### [What this task involves]
Once you find the line with "Fiction OCR: ¿SRA." in the listing below, please repeat it and every later line exactly, through the last one, without pictures.
═════ Recorded information
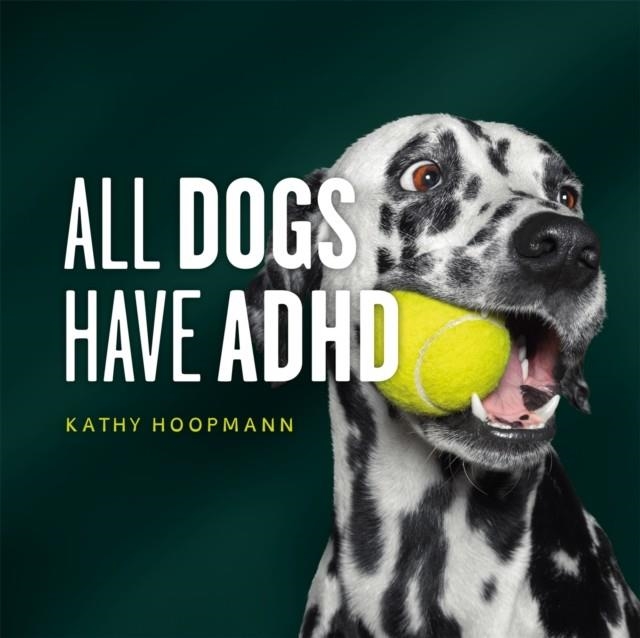 ALL DOGS HAVE ADHD | 9781787756601 | KATHY HOOPMANN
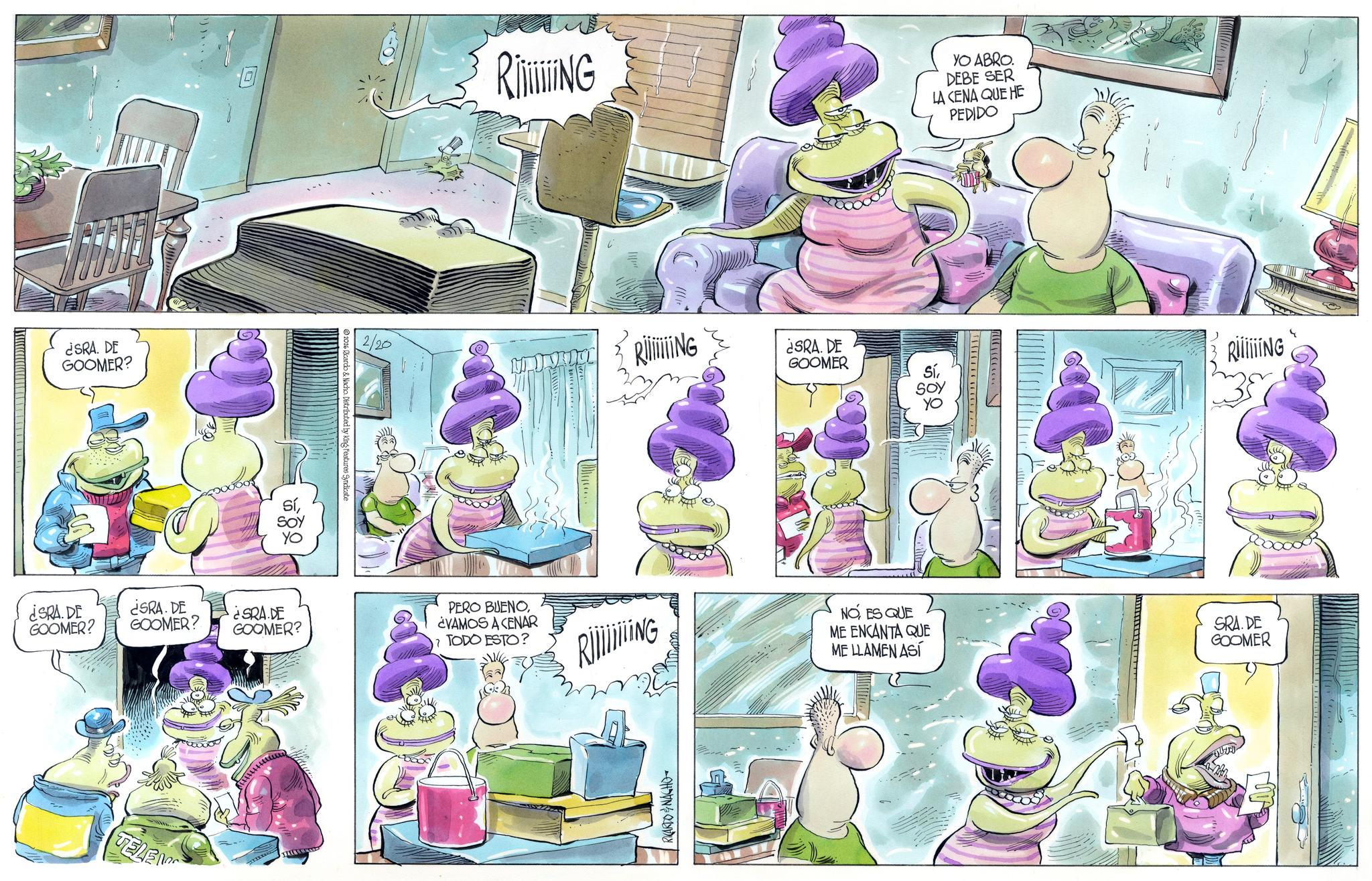 Fiction OCR: ¿SRA. DE GOOMER? ¿SRA. DE GOOMER? ? ¿SRA. DE GOOMER? TELE ¿SRA DE GOOMER? 2026 Ricardo & Nacho Distributed by King Features Syndicate RING YO ABRO. DEBE SER LA CENA QUE HE PEDIDO 2/20 RING ¿SRA. DE GOOMER SíSOY RING PERO BUENO¿VAMOS A CENAR 7 TODO ESTO? RiNG NOES QUE ME ENCANTA QUE ME LLAMEN ASÍ SRA. DE GOOMER ? RICARDO & NACHO ¿ SRA . DE GOOMER ? ¿ SRA . DE GOOMER ? ? ¿ SRA . DE GOOMER ? TELE ¿ SRA DE GOOMER ? 2026 Ricardo & Nacho Distributed by King Features Syndicate RING YO ABRO . DEBE SER LA CENA QUE HE PEDIDO 2/20 RING ¿ SRA . DE GOOMER SíSOY RING PERO BUENO¿ VAMOS A CENAR 7 TODO ESTO ? RiNG NOES QUE ME ENCANTA QUE ME LLAMEN ASÍ SRA . DE GOOMER ? RICARDO & NACHO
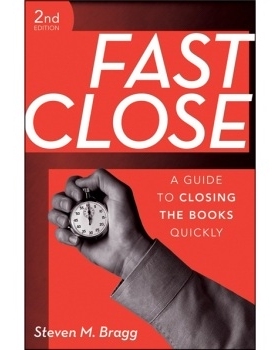 预订 Fast Close: A Guide to Closing the Books Quickly, Second Edition 快速结账指南: 9780470465011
══════════
### [Task solution]
 Fiction OCR: ¿SRA. DE GOOMER? ¿SRA. DE GOOMER? ? ¿SRA. DE GOOMER? TELE ¿SRA DE GOOMER? 2026 Ricardo & Nacho Distributed by King Features Syndicate RING YO ABRO. DEBE SER LA CENA QUE HE PEDIDO 2/20 RING ¿SRA. DE GOOMER SíSOY RING PERO BUENO¿VAMOS A CENAR 7 TODO ESTO? RiNG NOES QUE ME ENCANTA QUE ME LLAMEN ASÍ SRA. DE GOOMER ? RICARDO & NACHO ¿ SRA . DE GOOMER ? ¿ SRA . DE GOOMER ? ? ¿ SRA . DE GOOMER ? TELE ¿ SRA DE GOOMER ? 2026 Ricardo & Nacho Distributed by King Features Syndicate RING YO ABRO . DEBE SER LA CENA QUE HE PEDIDO 2/20 RING ¿ SRA . DE GOOMER SíSOY RING PERO BUENO¿ VAMOS A CENAR 7 TODO ESTO ? RiNG NOES QUE ME ENCANTA QUE ME LLAMEN ASÍ SRA . DE GOOMER ? RICARDO & NACHO
 预订 Fast Close: A Guide to Closing the Books Quickly, Second Edition 快速结账指南: 9780470465011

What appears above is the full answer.